Scooby gang speeds to victory

Speed kills.

Sunday, Scrappy and his fleet-footed young teammates used theirs to bury their veteran opponents early and often. They built a 10-1 advantage and rode out a man disadvantage to prevail 20-13.

With one key player hobbled by injury, Scrappy knew his side would have to dictate the tempo of the game early to build their edge.

"You have to get the hop early while you've got the legs, so you just try to get that early lead," said the young speedster.

Swooping around flat-footed defenders to create odd man rushes in tight, they dominated the first half of the game.

"We were just trying to win the races, dump it in deep then get possession in their end," said Scrappy.

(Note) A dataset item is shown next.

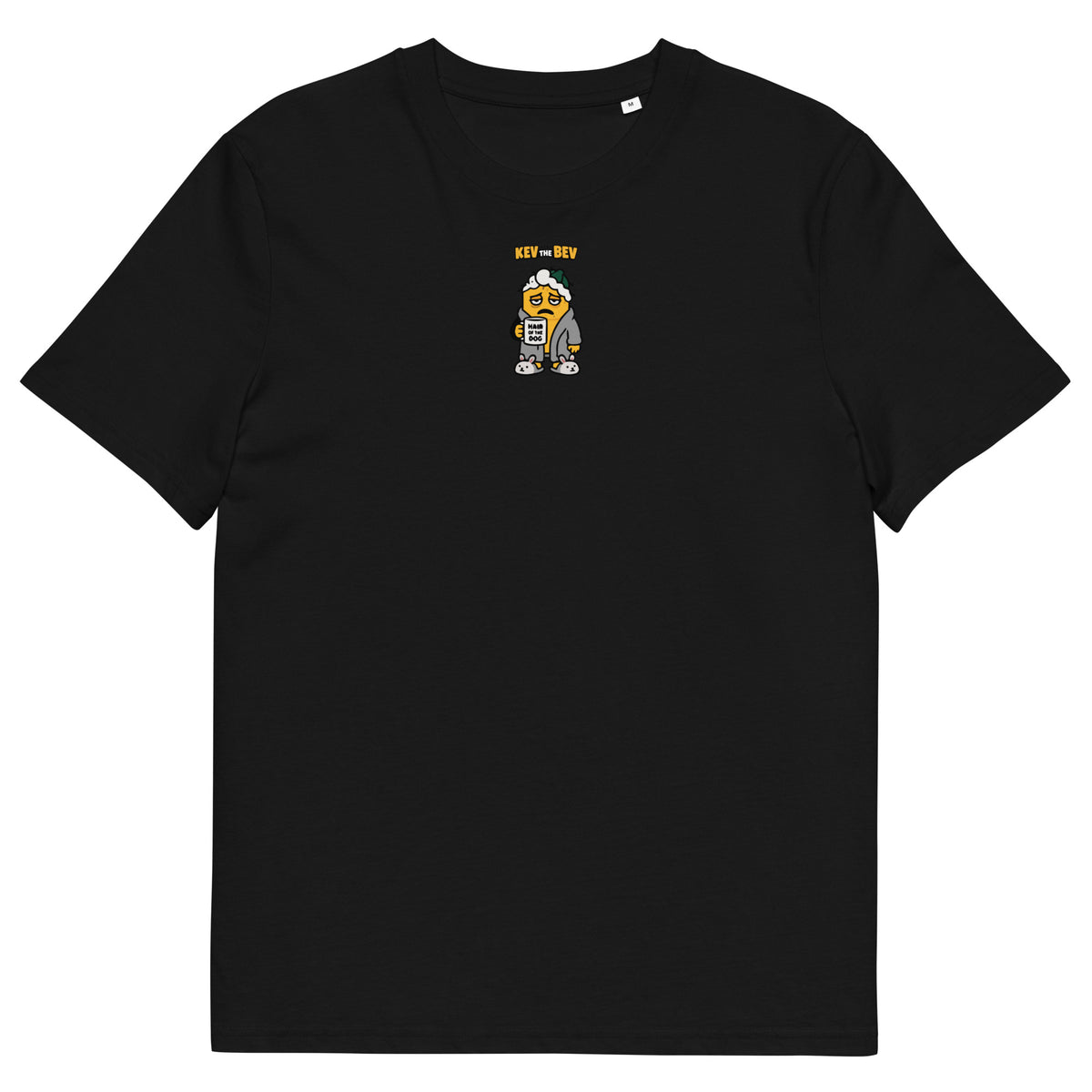 Hair of the Dog Classic Tee in Black, front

A beleaguered Gump, making his first start in net in more than three months, was shell-shocked.

"It took a while to get used to wearing pads again," said the revived rearguard who was playing with a cobbled-together assembly of equipment after Twizzler was an unexpected scratch.

That early charge proved critical as Bam Bam left the game and the veterans' lineup was bolstered by the late addition of power forward Franz Beckenbauer.

"He gave us a big forecheck presence and that opened up a lot of big shots for us," said Gump of his tardy teammate.

"He was a huge factor that helped us start our mini comeback," said Beetle Boy, whose side outscored the speedsters 12-10 in the second half.

But it wasn't enough, as a freak bounce off the end boards, over the top of the net through Gump's pads and directly onto Scooby's stick ended it.

"We knew we had to finish them off, otherwise it could have turned ugly," said Scrappy.